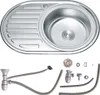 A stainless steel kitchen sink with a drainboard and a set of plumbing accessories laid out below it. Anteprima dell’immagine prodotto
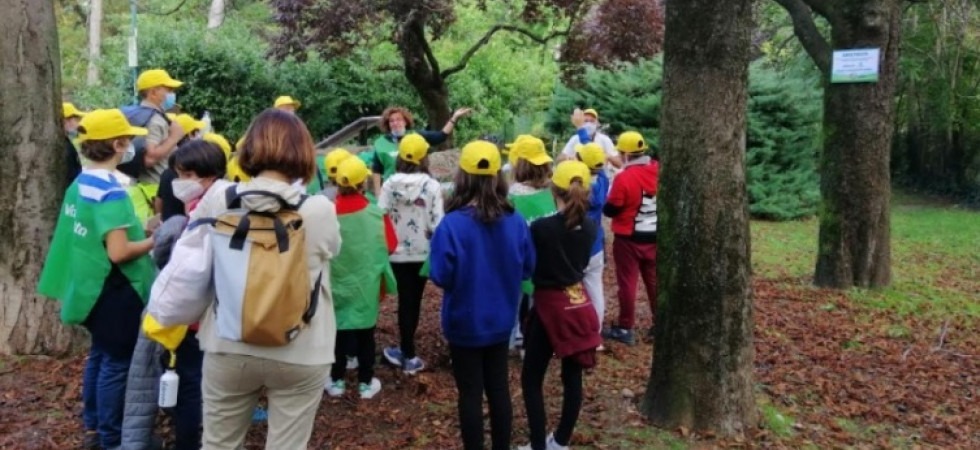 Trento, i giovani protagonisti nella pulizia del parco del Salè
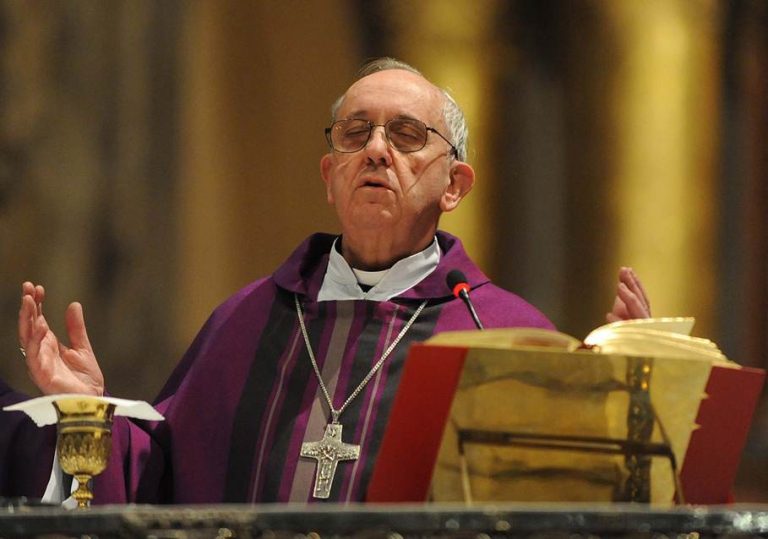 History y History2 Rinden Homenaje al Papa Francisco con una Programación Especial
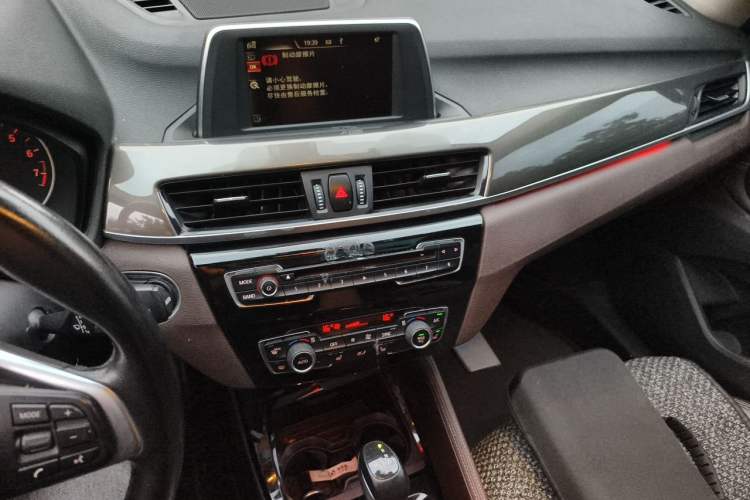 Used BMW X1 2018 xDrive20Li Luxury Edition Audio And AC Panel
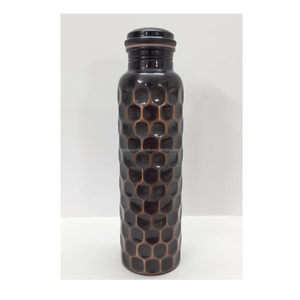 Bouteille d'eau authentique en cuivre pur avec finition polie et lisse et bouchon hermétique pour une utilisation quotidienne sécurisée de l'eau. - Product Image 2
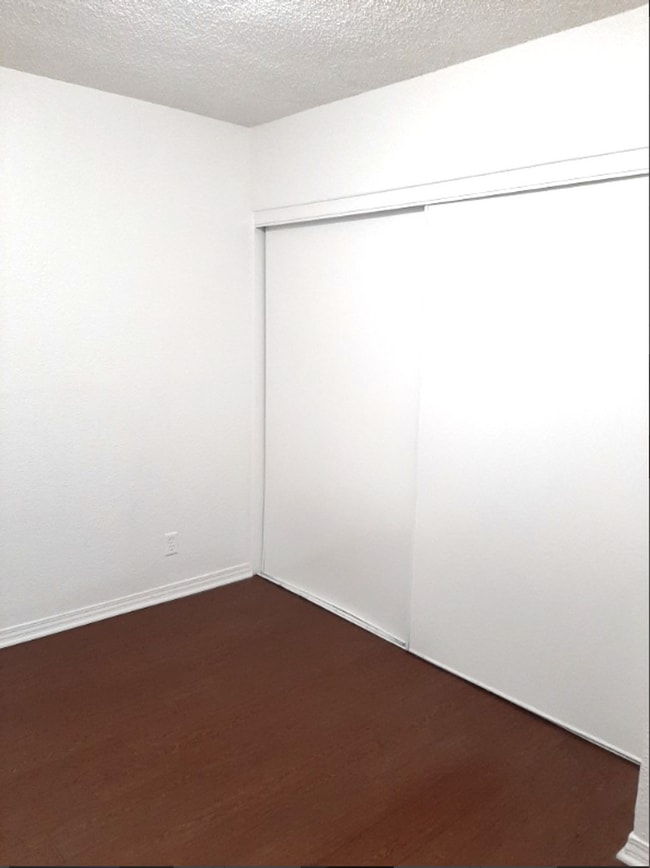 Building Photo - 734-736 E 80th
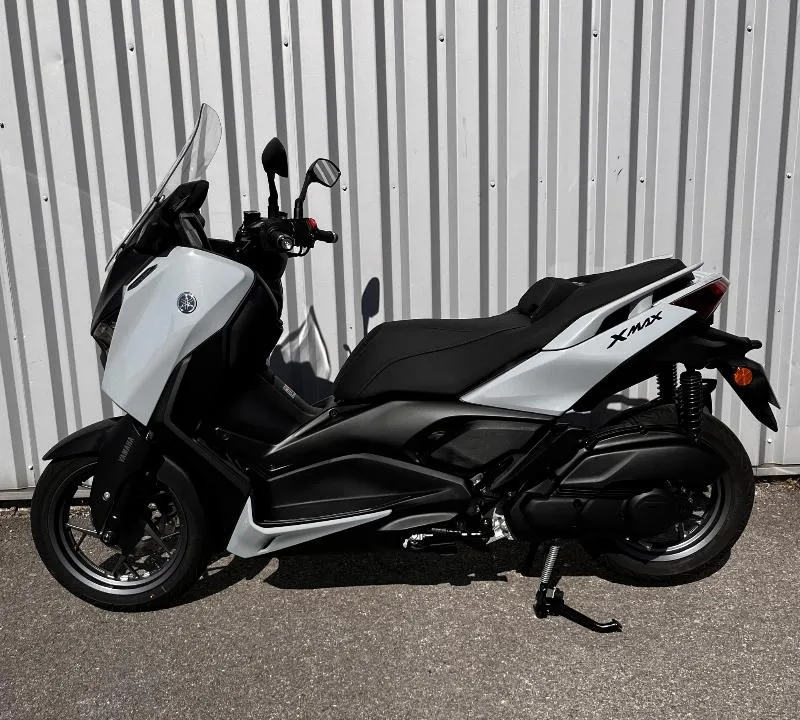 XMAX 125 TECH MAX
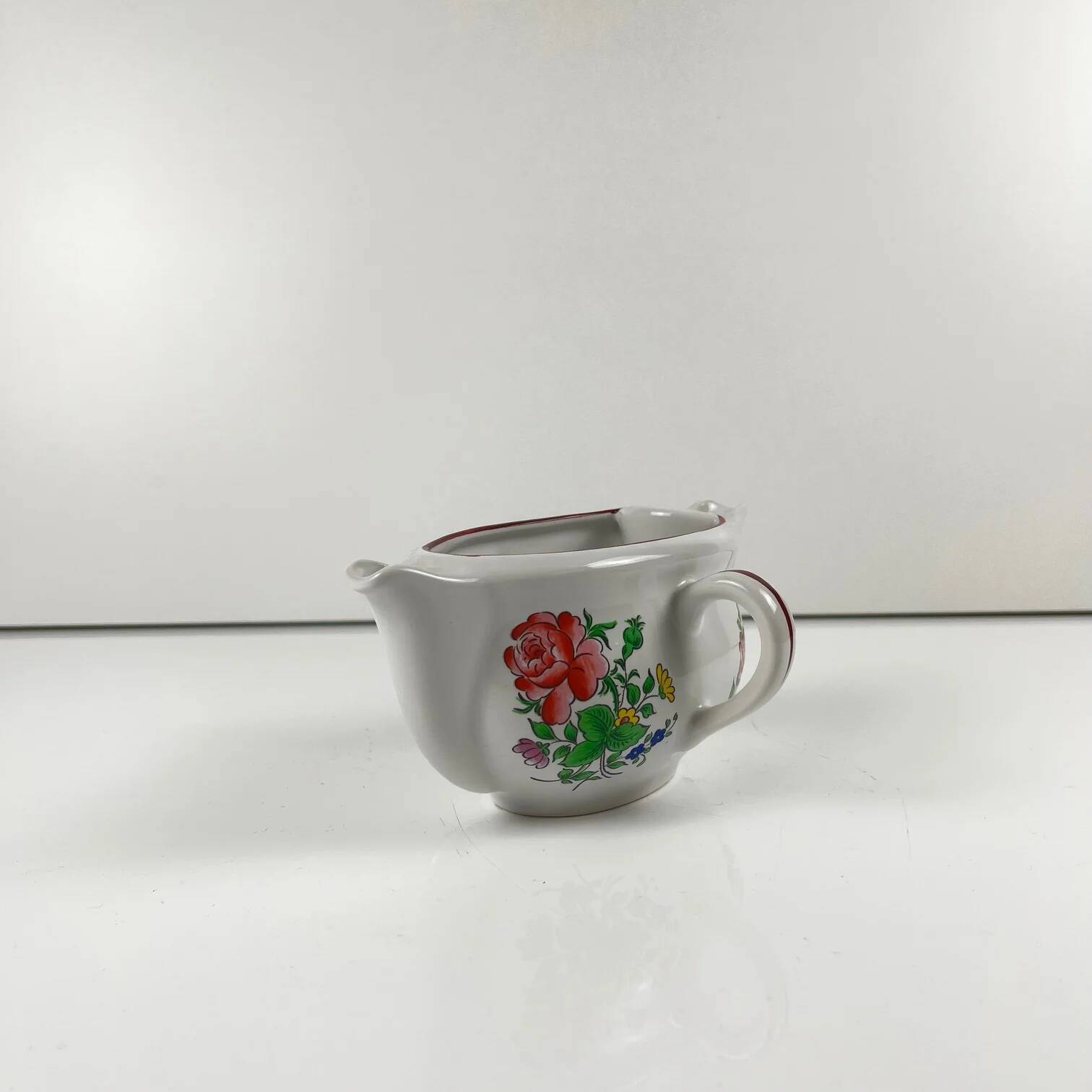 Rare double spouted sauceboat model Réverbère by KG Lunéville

----------------------------------------

Write out each line exactly, from the one containing "Building Photo - 734-736 E 80th" through the end of the entries, and skip the pictures.

RESULT:
 Building Photo - 734-736 E 80th
 XMAX 125 TECH MAX
 Rare double spouted sauceboat model Réverbère by KG Lunéville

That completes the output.